Indeed, amphetamines have their own semi-distinguished artistic heritage, particularly among a swath of 20th-century writers.
The poet W.H. Auden is probably the most famous example.
He took a dose of Benzedrine (a brand name of amphetamine introduced in the United States in 1933) each morning the way many people take a daily multivitamin. At night, he used Seconal or another sedative to get to sleep. He continued this routine—“the chemical life,” he called it—for 20 years, until the efficacy of the pills finally wore off. Auden regarded amphetamines as one of the “labor-saving devices” in the “mental kitchen,” alongside alcohol, coffee, and tobacco—although he was well aware that “these mechanisms are very crude, liable to injure the cook, and constantly breaking down.”
Graham Greene had a similarly pragmatic approach to amphetamines. In 1939, while laboring on what he was certain would be his greatest novel, The Power and the Glory, Greene decided to also write one of his “entertainments”—melodramatic thrillers that lacked artistry but that he knew would make money. He worked on both books simultaneously, devoting his mornings to the thriller The Confidential Agent and his afternoons to The Power and the Glory. To keep it up, he took Benzedrine tablets twice daily, one upon waking and the other at midday. As a result he was able to write 2,000 words in the mornings alone, as opposed to his usual 500. After only six weeks, The Confidential Agent was completed and on its way to being published. (The Power and the Glory took four more months.)
Greene soon stopped taking the drug; not all writers had such self-control.
In 1942 Ayn Rand took up Benzedrine to help her finish her novel, The Fountainhead. She had spent years planning and composing the first third of the novel; over the next 12 months, thanks to the new pills, she averaged a chapter a week. But the drug quickly became a crutch. Rand would continue to use amphetamines for the next three decades, even as her overuse led to mood swings, irritability, emotional outbursts, and paranoia—traits Rand was susceptible to even without drugs.
Jean-Paul Sartre was similarly dependent.
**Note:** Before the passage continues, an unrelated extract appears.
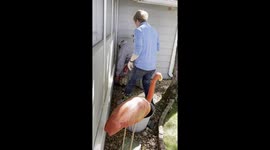 ''Nope, Don't Need Your Help' Swan Chases Woman Trying to Help it'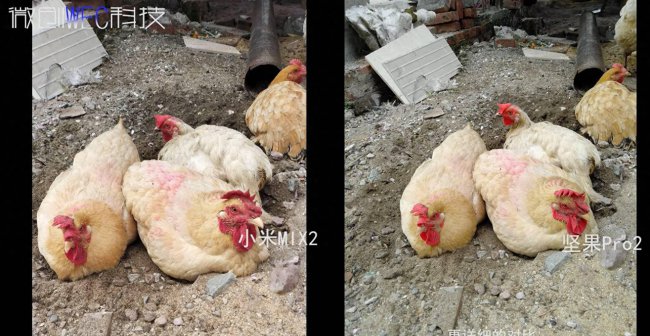锤子pro2怎么强制恢复出厂设置教程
In the 1950s, already exhausted from too much work on too little sleep—plus too much wine and cigarettes—the philosopher turned to Corydrane, a mix of amphetamine and aspirin then fashionable among Parisian students, intellectuals, and artists. The prescribed dose was one or two tablets in the morning and at noon. Sartre took 20 a day, beginning with his morning coffee, and slowly chewed one pill after another as he worked. For each tablet, he could produce a page or two of his second major philosophical work, The Critique of Dialectical Reason.
But perhaps the most notable case of amphetamine-fueled intellectual activity is Paul Erdös, one of the most brilliant and prolific mathematicians of the 20th century. As Paul Hoffman documents in The Man Who Loved Only Numbers, Erdös was a fanatic workaholic who routinely put in 19-hour days, sleeping only a few hours a night. He owed his phenomenal stamina to espresso shots, caffeine tablets, and amphetamines—he took 10 to 20 milligrams of Benzedrine or Ritalin daily. Worried about his drug use, a friend once bet Erdös that he wouldn’t be able to give up amphetamines for a month. Erdös took the bet, and succeeded in going cold turkey for 30 days. When he came to collect his money, he told his friend, “You’ve showed me I’m not an addict. But I didn’t get any work done. I’d get up in the morning and stare at a blank piece of paper. I’d have no ideas, just like an ordinary person. You’ve set mathematics back a month.” After the bet, Erdös promptly resumed his amphetamine habit.